Darin liegt, das sei eingestanden, durchaus die Gefahr, in unzivilisierte Verhaltensweisen abzugleiten – sie haben das Verhältnis zwischen den Religionen über Jahrhunderte geprägt und machen sich in der Gegenwart gerade in der islamischen Welt beunruhigend bemerkbar. Den 1967 in Siegen geborenen Kermani kann man dafür schwerlich in Haftung nehmen, und auch Vorwürfe wegen seines persönlichen Verhaltens sind offensichtlich nicht angebracht. Ihn führt der innere Konflikt jedenfalls nicht in den Jihad, sondern vor das römische Kreuzesbild Renis, das ihn gleichzeitig mächtig anzieht und abstößt – und dessen Wirkung auf seinen Geist und sein Gemüt er dann in starken Worten beschreibt – ganz ohne Sprengstoffgürtel, aber auch nicht als Diplomat, der schon an das Protokoll denkt, das er in der übernächsten Verhandlungsrunde zu unterschreiben hofft. Eben ganz wie es sich für einen Stipendiaten der Villa Massimo gehört: als Schriftsteller.

Eine solche Erscheinung muß für die berufenen Pfleger des Dialoges und Freunde der Protokolle – da nehmen sich der Kardinal und der Landesbischof/Kirchenpräsident nichts weg – eine zutiefst befremdliche Erfahrung sein.
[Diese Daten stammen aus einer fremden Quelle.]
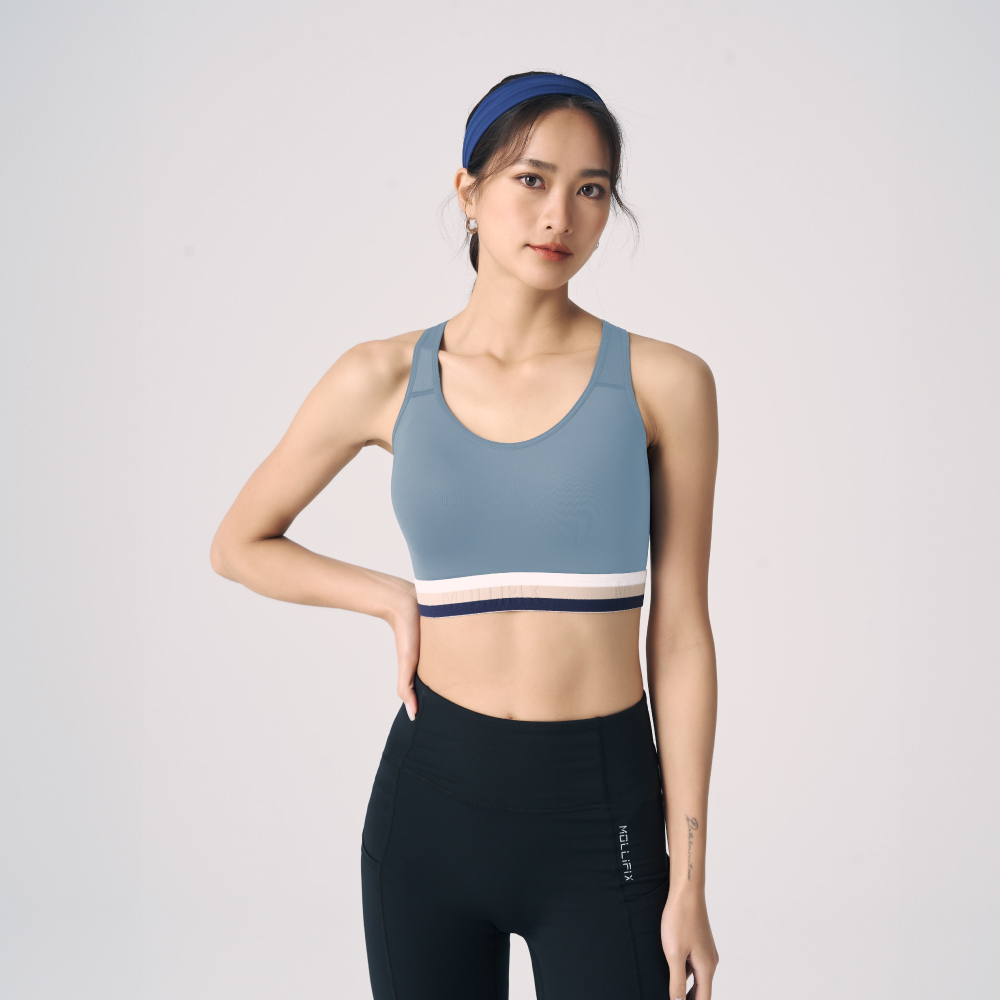 MOLLIFIX 抗菌三色織帶高強度運動內衣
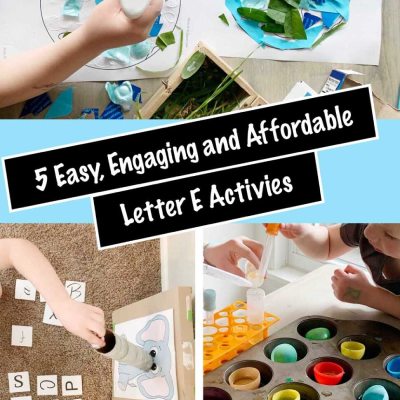 5 Easy Letter E Activities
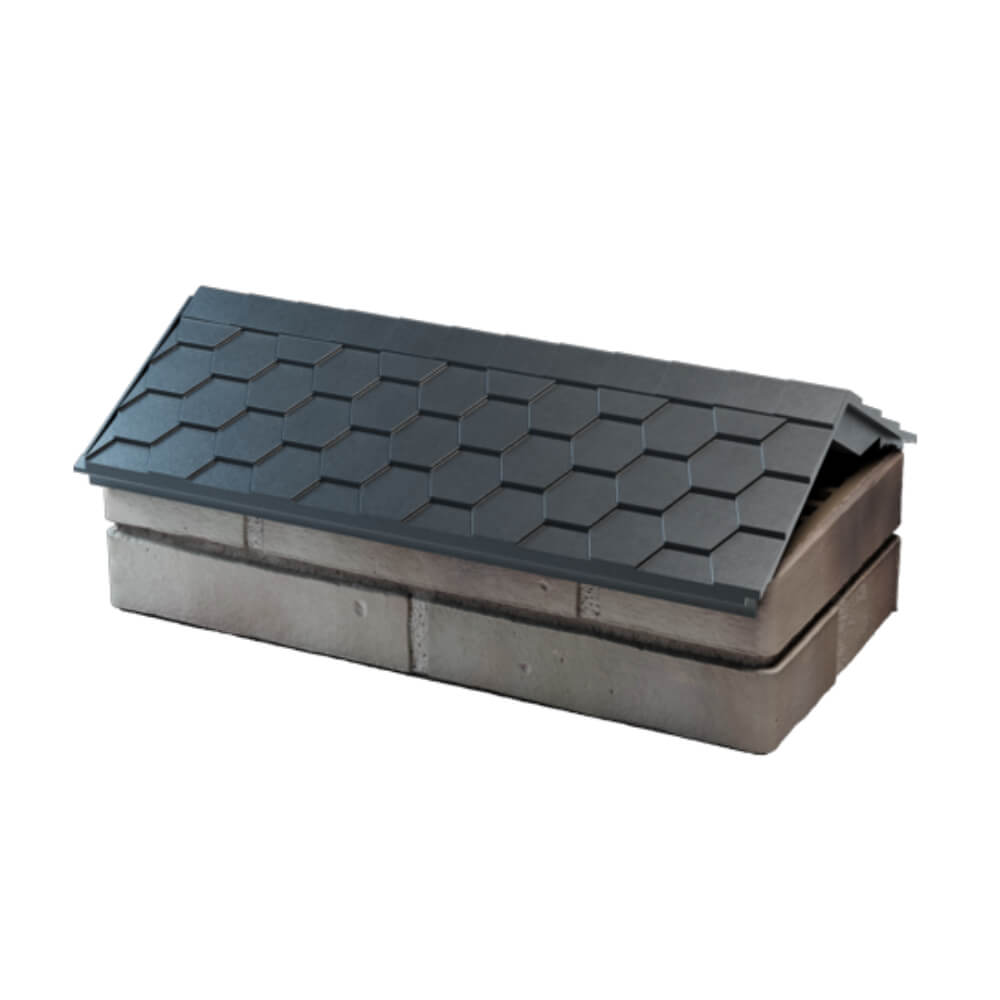 Парапет Zking Эверест Серый с посадкой на 1 кирпич (200/225/255мм) в Камышине фото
Sie widerspricht nicht nur dem Verständnis und den Ausdrucksformen von Dialog, die sie sich antrainiert haben, und in denen Mäßigung und Mehrheitsfähigkeit auch in Sachen des Glaubens höchste Tugenden darzustellen scheinen – sie entzieht letztlich dem Dialog selbst die Grundlage: Das Kreuz ist nun einmal „den Juden ein empörendes Ärgernis und den Heiden eine Torheit“ (1 Kor 1,18-23).

Das macht Gespräche darüber, wie man darin übereinstimmt, auf zivilisierte Weise nicht übereinzustimmen, nicht sinnlos. Aber es schränkt ihren Umfang und ihre Bedeutung doch stark ein. Die Erlösung kommt vom Kreuz und nicht vom Dialog, sie wird gewährt und weder verdient noch verhandelt – mit dieser verdrängten Erkenntnis ausgerechnet im gepflegten Ambiente eines Kulturpreises konfrontiert zu werden, ist offensichtlich schwer erträglich.